Concrete examples of these improvements include the division of the previously complex and confusing ‘Entry page’ into eight separate, cross-referenced pages. Each page is clearly named, so users can easily find the content they require, without having to wade through irrelevant detail. Graphical elements have been employed to provide contextual clues, including icons representing proteins, member database signatures and InterPro entries, with the latter having different icons to represent protein families, domains, sites and repeats. This simple change has had a demonstrably positive impact, allowing users to identify the entities presented on the interface with greater ease and speed.The entry ‘overview’ page is illustrated in Figure 1.

Figure 1.
The ‘Overview' page on the new set of InterPro entry pages, including the family hierarchy for this entry, an extensive description of the family and cross references to three GO terms that are associated with this family. In this case, the entry ...

Users can now search InterPro directly with a protein sequence by pasting the sequence into the text area provided on the home page. InterPro then performs a fast look-up of proteins for which matches have already been calculated. If the sequence is available in InterPro, the user is taken to the new protein page directly. If the sequence is not present in InterPro, it is submitted automatically to the InterProScan service, which returns results once the analysis is complete. Tighter integration of these two search services is currently being developed to ensure that users are presented with results in the same way by both InterPro and InterProScan.

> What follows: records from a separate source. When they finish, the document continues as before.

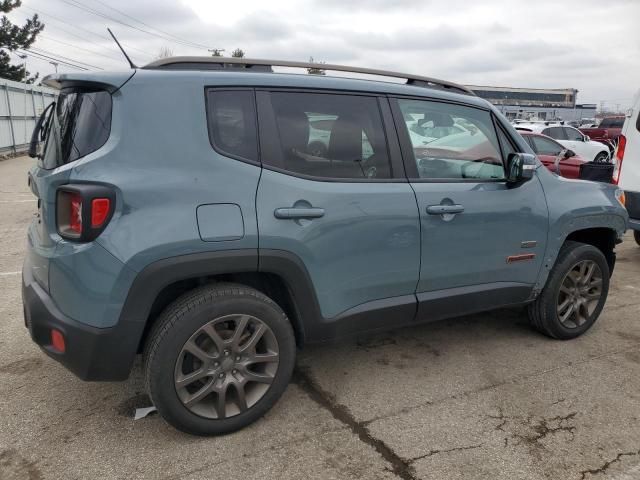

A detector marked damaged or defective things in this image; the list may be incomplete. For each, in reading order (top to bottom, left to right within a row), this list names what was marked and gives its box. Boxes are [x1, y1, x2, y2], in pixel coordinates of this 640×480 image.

cracked asphalt pavement [1, 156, 640, 478] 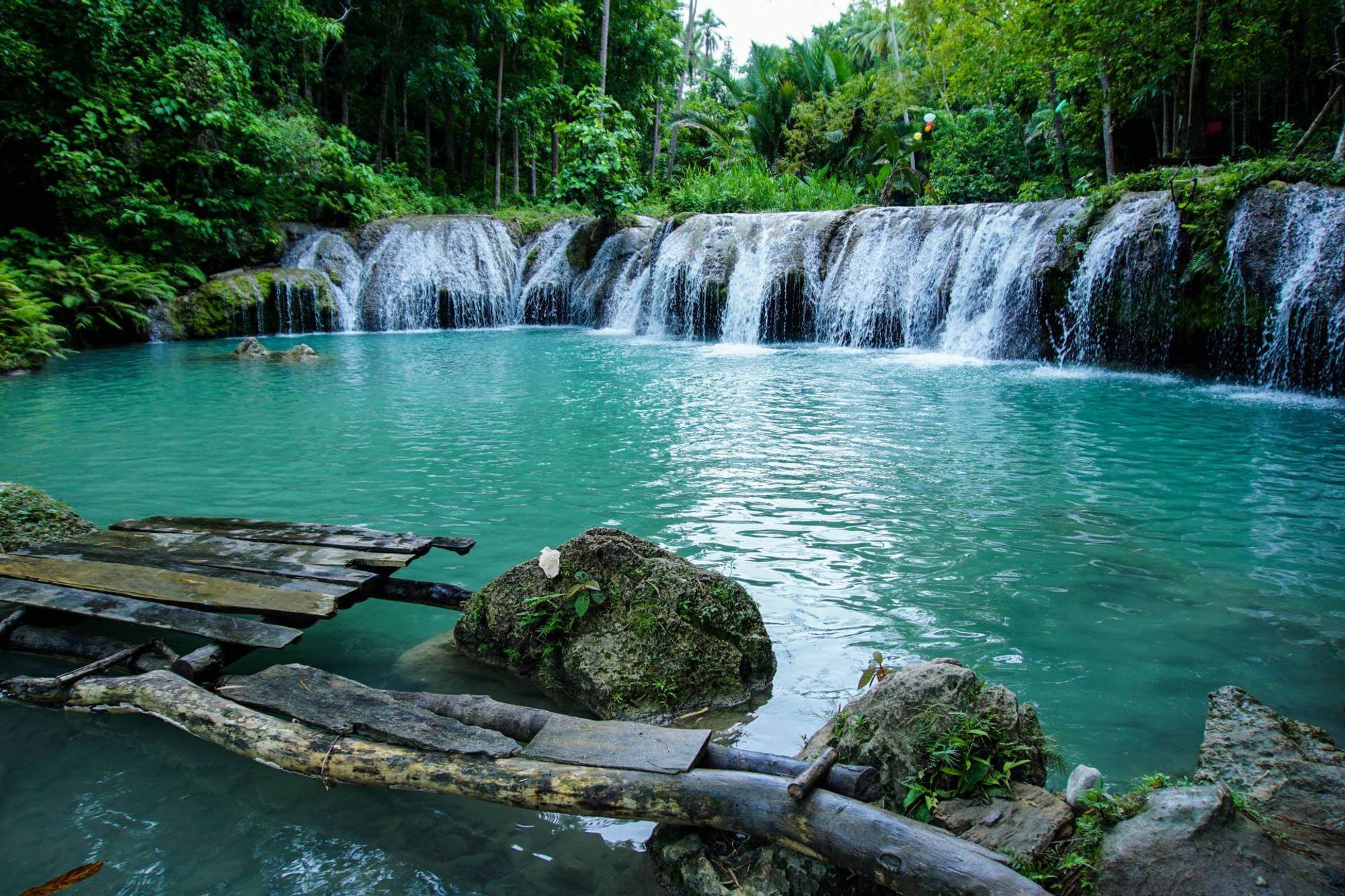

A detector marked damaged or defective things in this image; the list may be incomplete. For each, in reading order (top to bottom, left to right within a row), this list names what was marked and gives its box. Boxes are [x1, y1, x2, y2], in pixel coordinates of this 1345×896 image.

broken bamboo bridge [0, 516, 1044, 893] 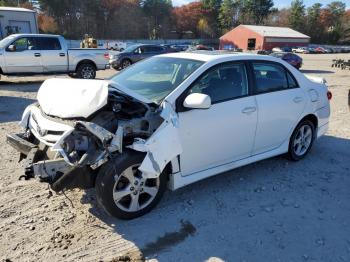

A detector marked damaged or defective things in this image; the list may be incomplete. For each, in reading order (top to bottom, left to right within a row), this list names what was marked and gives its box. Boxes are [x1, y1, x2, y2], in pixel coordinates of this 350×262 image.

crushed hood [36, 78, 108, 118]
damaged fender [129, 101, 183, 179]
damaged white car [7, 52, 330, 219] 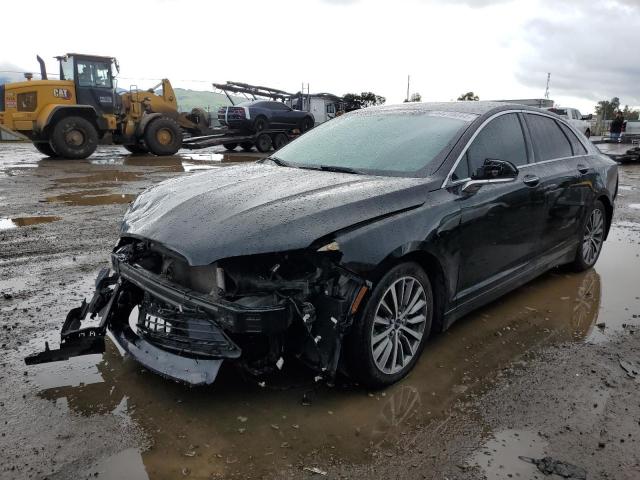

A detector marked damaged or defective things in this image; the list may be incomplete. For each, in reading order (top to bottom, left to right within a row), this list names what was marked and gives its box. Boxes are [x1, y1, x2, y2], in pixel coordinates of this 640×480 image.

crumpled hood [121, 164, 430, 262]
damaged front bumper [26, 248, 364, 386]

This improvement will be included in the final released version of the new InterPro Website.

InterProScan 5

Over the last 3 years, InterProScan has been completely re-written using the Java programming language. The new InterProScan is now available as a beta release (version 5beta2) for public evaluation and comment; details of how to obtain and install it can be found at http://code.google.com/p/interproscan/wiki/RunningStandaloneInterProScan5. The new version exploits modern, stable Java technologies. A major focus of development has been to improve both the reliability and the scalability of InterProScan to allow it to support large-scale, high-throughput sequence analysis. The final version will be easy to download and install on a variety of platforms.

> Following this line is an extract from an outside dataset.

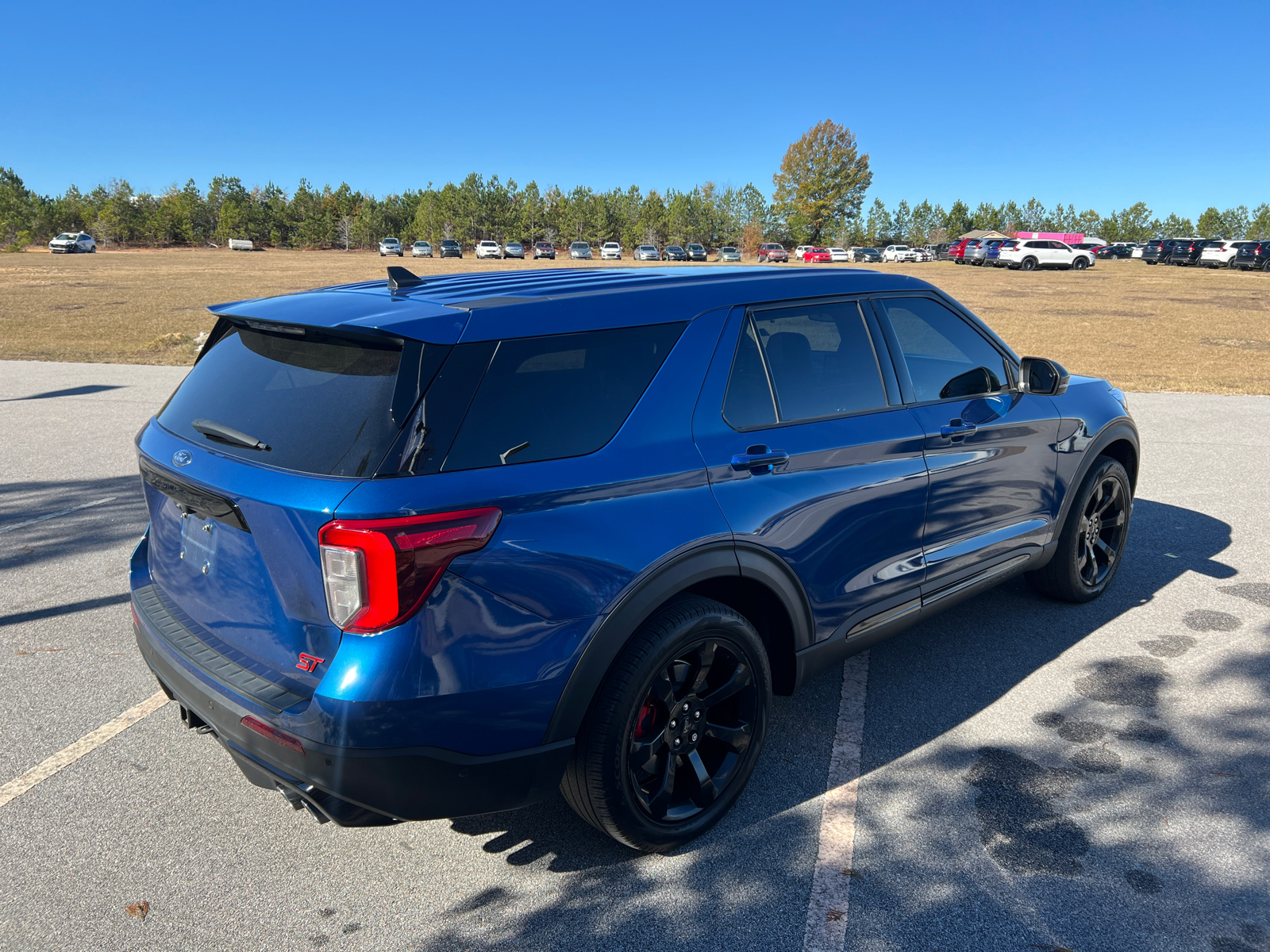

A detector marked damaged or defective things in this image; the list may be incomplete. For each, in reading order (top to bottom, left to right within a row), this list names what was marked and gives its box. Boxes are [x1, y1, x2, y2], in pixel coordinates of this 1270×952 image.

cracked asphalt [2, 360, 1270, 949] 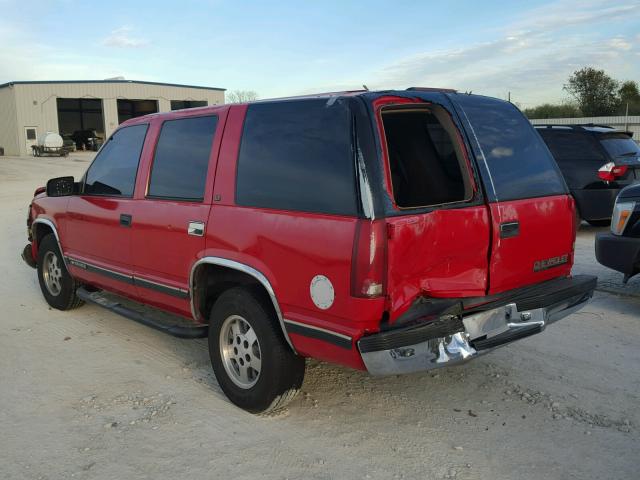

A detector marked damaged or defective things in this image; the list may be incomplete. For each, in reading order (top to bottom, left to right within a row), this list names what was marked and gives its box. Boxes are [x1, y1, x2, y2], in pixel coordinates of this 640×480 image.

damaged rear bumper [358, 274, 596, 376]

New functionality has been incorporated into InterProScan version 5, including a fast pre-calculated match lookup Web-service. This has the advantage that users wishing to install InterProScan locally are not obliged to download the complete set of pre-calculated matches; however, it is possible to download and install this service locally, should users wish to make confidential use of InterProScan behind a firewall. The existing cross-references to InterPro entries and GO annotations are also provided, as in the current version of InterProScan. A mechanism to allow matches to be calculated against nucleotide sequence data will be available in the final version, using the EMBOSS getorf program. This new service allows the mapping of predicted features back to coordinates on the submitted nucleic acid sequence.

InterPro BioMart

In July 2009, a BioMart was added to the InterPro suite of services. BioMart provides users with the ability to retrieve large sets of data, based on sophisticated queries that may incorporate multiple filters. Users are able to specify precisely which fields are included in the results returned. The InterPro BioMart has been described previously (26), including a detailed explanation of how to use the BioMart with several example queries.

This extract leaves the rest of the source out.